Shares of Enphase Energy Inc. continued to drop on Thursday after a prominent analyst advised investors to stop buying the stock. Analyst Sophie Karp at KeyBanc Capital downgraded Enphase Energy to sector weight, after previously ranking it as overweight for the past 16 months.
Karp cited uncertainty about when the concerns regarding supply in the solar market will subside as the reason for the downgrade. She mentioned that a poorly quantifiable inventory glut in the channel has persisted for longer than initially anticipated, leading to low visibility, even for the management team.
The stock, with the ticker symbol ENPH, dropped 3.6% in afternoon trading and has experienced a steep decline of 13.9% over a six-session losing streak. This losing streak marks the longest since the one that occurred in October 2025.
This recent selloff comes after the stock plunged 50.1% in 2023, which ended a six-year streak of impressive gains when the stock surged by an astonishing 26,134%.
Karp's neutral view on Enphase's stock aligns with her cautious outlook for the alternative-energy sector as a whole. She identified several headwinds facing the sector, including pricing pressures and inventory gluts in the solar-equipment market. Karp also mentioned the less-than-ideal government guidance regarding incentives from the Inflation Reduction Act and a diminishing enthusiasm surrounding the IRA.
Furthermore, falling energy prices in the United States and the European Union are expected to weigh on the sector since they reduce the urgency to transition to renewable energy sources.
Read: What Happened to Solar Stocks? Investors 'Pick Up the Pieces' After a Brutal Earnings Season.
In conclusion, Enphase Energy Inc. faces numerous challenges as it grapples with supply concerns and a difficult market environment. The company's stock continues to face downward pressure, and analyst Sophie Karp has downgraded it to sector weight amid a cautious outlook for the alternative-energy sector overall.
Risks Ahead in the Solar Industry
As the solar industry continues to face challenges, it is important to consider the potential risks that lie ahead. According to industry expert Karp, the upcoming U.S. elections in 2024 pose the "biggest risks" to the solar space. In the past, solar stocks have experienced a downturn due to the negative perception of Republican policies for renewable energy.

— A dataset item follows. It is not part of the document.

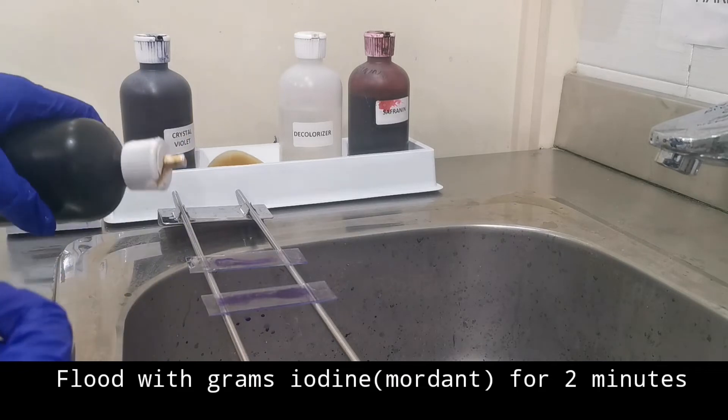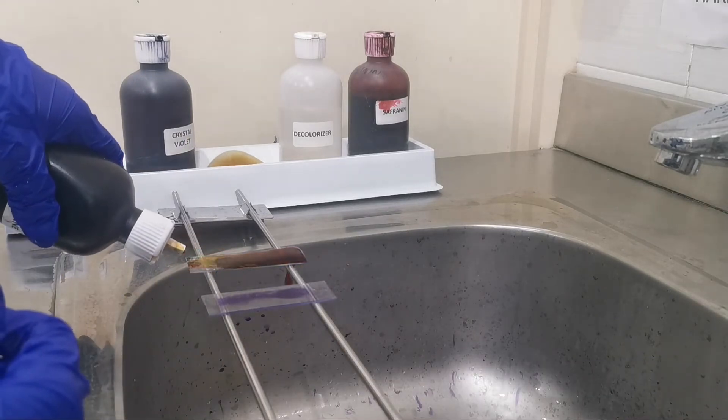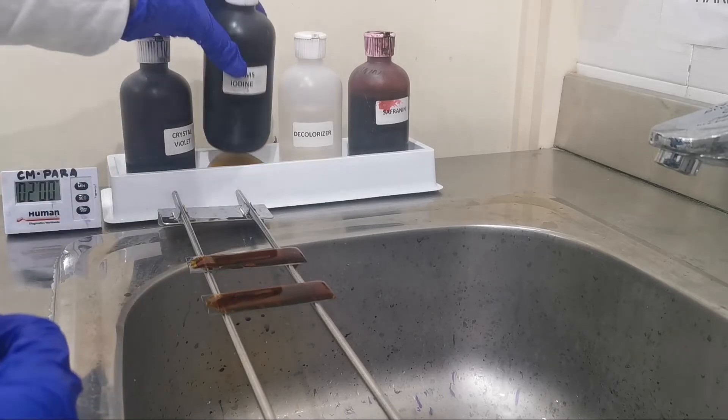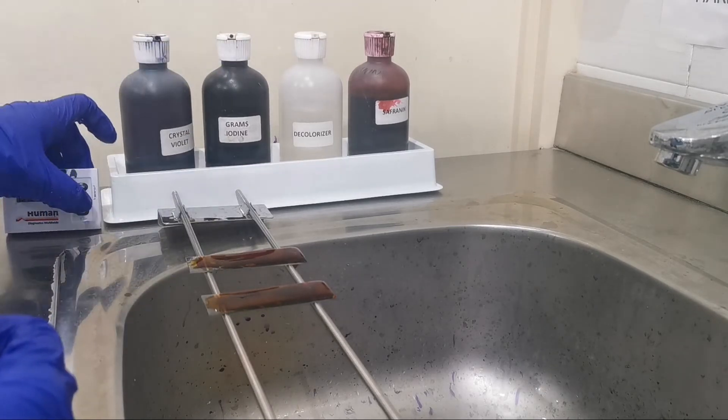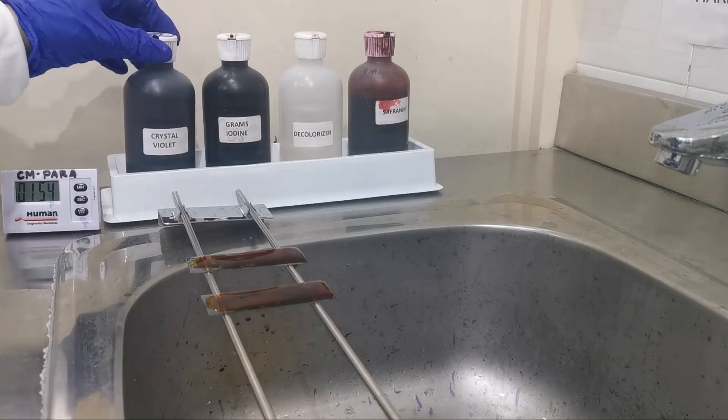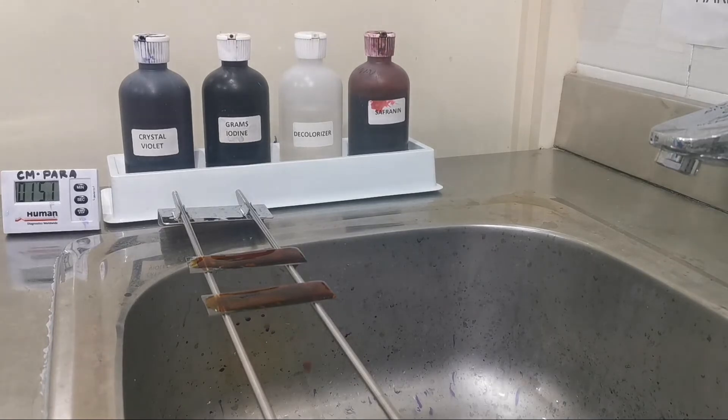What is the purpose of our Gram's iodine? Our Gram's iodine acts as a mordant. The role of a mordant is to intensify our primary stain — it does this by forming a complex with the primary stain.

Karp emphasizes that the 2024 elections could have an even greater impact on renewable policies, as they have become increasingly politicized. This could lead to a decline in sentiment and potentially unfavorable outcomes for the sector. In this regard, Karp suggests that Democrats retaining their slim majority in the Senate is crucial for the solar industry.
While risks loom large, there is a potential bright spot on the horizon. If the Federal Reserve decides to cut interest rates sooner rather than later, it could provide a much-needed boost to the sector.
Performance and Valuation
In terms of performance, the Invesco Solar exchange-traded fund (ETF), TAN, has experienced a recent decline of 2.1% and a four-day losing streak. It faced its worst yearly performance in 2023, dropping by 26.9%, since a significant decline of 45.9% in 2016.
Despite these challenges, Karp maintains a positive outlook on Enphase, a leading solar company. She believes that Enphase's valuation is reasonable and praises its long-term positioning in the solar industry, as well as its strong cash-generation capabilities.
Taking a Cautious Approach
Considering the overall unfavorable setup in the solar industry, Karp suggests a cautious approach. It is prudent to take a step back and adjust the weighting of investments accordingly.
Over the past three months, Enphase shares have seen a modest increase of 0.9%, while the solar ETF has gained 2.3%. In comparison, the S&P 500 index has experienced a significant rally, climbing by 10.3%.
While the solar industry faces risks and challenges, careful navigation and strategic decision-making can help investors adapt to the changing landscape.